Description of the task: The material below holds pictures; leave them out and reproduce exactly the lines from the one with "Black tube top" through the one with "WeRChristmas Pre-Lit Frosted", inclusive.

[Data listing]

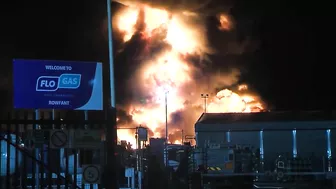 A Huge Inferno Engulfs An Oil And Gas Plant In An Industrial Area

[/Data listing]
[Data listing]

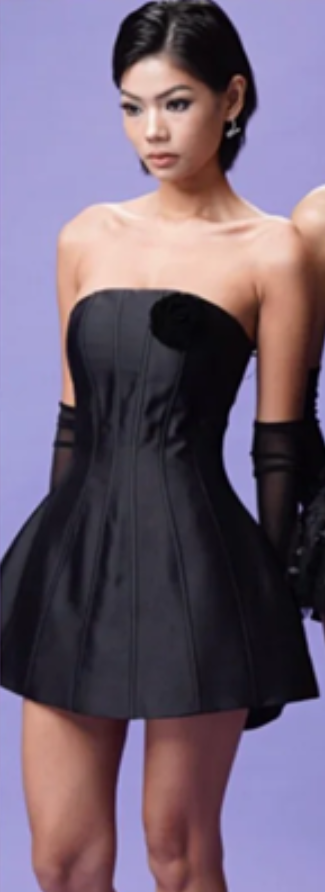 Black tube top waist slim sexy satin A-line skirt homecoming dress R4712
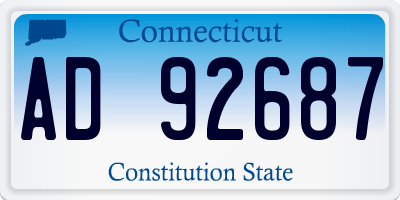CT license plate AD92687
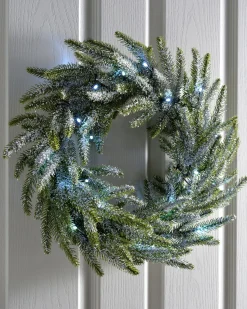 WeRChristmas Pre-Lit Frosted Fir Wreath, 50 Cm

[/Data listing]
[Data listing]

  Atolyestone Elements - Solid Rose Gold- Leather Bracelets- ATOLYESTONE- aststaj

[/Data listing]

Response area:
 Black tube top waist slim sexy satin A-line skirt homecoming dress R4712
CT license plate AD92687
 WeRChristmas Pre-Lit Frosted Fir Wreath, 50 Cm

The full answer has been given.